Bayes theorem is the foundation of Bayesian statistics and the new and emerging discipline of  predictive analytics. Reverend Bayes , a 17th century British mathematician wrote the Bayes theorem as a special case of probability theory. He did not disclose the theorem  fearing that it might not pass rigorous scientific scruitiny. The theorem was recovered after his death .
Here's the theorem and  a  few practical applications.

P(Ri/E) = p(E/Ri) p(Ri) / sum [p(E/Ri) * p(Ri)] i = 1 to n

p(Ri) is called anterior probability  of event Ri.
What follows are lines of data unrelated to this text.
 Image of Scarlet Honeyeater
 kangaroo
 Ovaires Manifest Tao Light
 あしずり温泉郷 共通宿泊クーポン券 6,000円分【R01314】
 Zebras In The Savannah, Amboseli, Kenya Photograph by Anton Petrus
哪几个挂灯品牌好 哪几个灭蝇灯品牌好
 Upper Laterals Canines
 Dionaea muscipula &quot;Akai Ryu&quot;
It represents what we already know from past history about event Ri..E is the fresh new evidence that has arrived that would influence the event Ri.
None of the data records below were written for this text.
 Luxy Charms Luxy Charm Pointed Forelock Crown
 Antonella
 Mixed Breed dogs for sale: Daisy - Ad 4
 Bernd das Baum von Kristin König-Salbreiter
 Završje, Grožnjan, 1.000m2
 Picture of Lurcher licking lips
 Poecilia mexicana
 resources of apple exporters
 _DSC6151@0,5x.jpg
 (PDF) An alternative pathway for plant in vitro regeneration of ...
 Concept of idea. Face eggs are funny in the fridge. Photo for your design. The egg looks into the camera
p(Ri/E) is the probability of event Ri given the evidence E.
p(E/Ri) is the likelihood of the evidence itself.

As can be seen above as new evidence surfaces, the theorem lets us update our knowledge about the probability of occurrence of the event Ri. p(Ri) was our knowledge of the event based on its history,
while p(Ri/E) is our updated knowledge after taking the evidence E into consideration.

These probabilities can be deterministic or may represent a certain distribution.
Here are a few practical examples  where the theroem could be applied.
(An example similar to the first example below was  cited in a recent issue of Sloan Management Review).

1.I know the history of rainfall in my region for the past 10 years. I now have the evidence that this year
the temperatures were higher than normal. We know that higher temperatures correspond to higher rainfall
and follows a certain distribution. Using this evidence, we can predict the probability of rains this year  .
If I calculated probability based on history alone (which is what frequentists would do)  , I would be ignorning the key evidence that surfaced this year.

2. We know the history of deliveries of a certain supplier. A new evidence has arrived that the supplier's capacity is full due to a new contract they have signed with some customer. We know the relationship between the supplier's capacity and on time delivery . Given the evidence, we can find out the probability of on time delivery this month. If we had not used Bayes theorem, (and instead relied  on history alone as a frequentist would do)  the probability would have been based solely on the supplier's  historical performance and hence would have ignored the critical new evidence.

Bayesian theorem does have certain limitations/gotchas  in practical life as would be seen in future blogs.